Fewer is used to mean a smaller number of something, and is generally used before plural countable things. For example, fewer words, fewer letters.
It comes from few, from the Middle English fewe (few, little, not many; small, little), from the Old English fēaw (few), from the Proto-Germanic *fawaz (few), from Proto-Indo-European *peh₂w- (few, small). [source].
“LESS. This word is moſt commonly uſed in ſpeaking of a number; where I ſhould think Fewer would do better. No fewer than a Hundred, appears to me not only more elegant than No leſs than a Hundred, but more ſtrictly proper.”

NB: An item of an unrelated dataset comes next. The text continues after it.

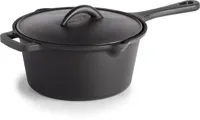 Napoleon Gietijzeren sauspan & deksel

A correspondent states as his own usage, and defends, the insertion of an adverb between the sign of the infinitive mood and the verb. He gives as an instance, “to scientifically illustrate.” But surely this is a practice unknown to English speakers and writers. It seems to me, that we ever regard the to of the infinitive as inseparable from its verb. And when we have already a choice between two forms of expression, “scientifically to illustrate,” and “to illustrate scientifically,” there seems no good reason for flying in the face of common usage.
The Prepoſition is often ſeparated from the Relative which it governs, and joined to the Verb at the end of the Sentence, or of ſome member of it: as, “Horace is an author, whom I am much delighted with.” “The world is too well bred to ſhock authors with a truth, which generally their bookſellers are the firſt that inform them of.” This is an Idiom which our language is ſtrongly inclined to; it prevails in common converſation, and ſuits very well with the familiar ſtyle in writing; but the placing of the Prepoſition before the Relative is more graceful as well as more perſpicuous; and agrees much better with the ſolemn and elevated Style.